→ Entries supplied:
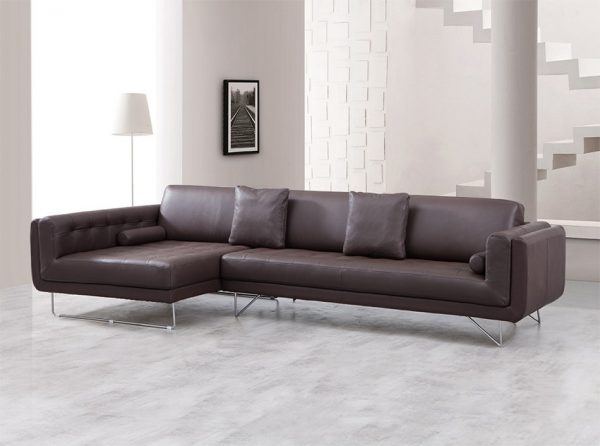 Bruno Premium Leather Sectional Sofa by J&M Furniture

...

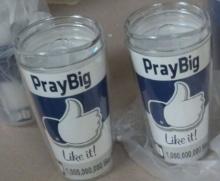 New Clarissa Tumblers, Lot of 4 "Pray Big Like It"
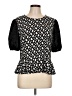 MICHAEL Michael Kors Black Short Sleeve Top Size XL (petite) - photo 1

→ Try it:
Only the lines above starting with the line with "New Clarissa Tumblers, Lot" and going on through the line with "MICHAEL Michael Kors" belong in the answer; repeat them exactly, minus any picture.

→ Response to this exercise:
 New Clarissa Tumblers, Lot of 4 "Pray Big Like It"
 MICHAEL Michael Kors Black Short Sleeve Top Size XL (petite) - photo 1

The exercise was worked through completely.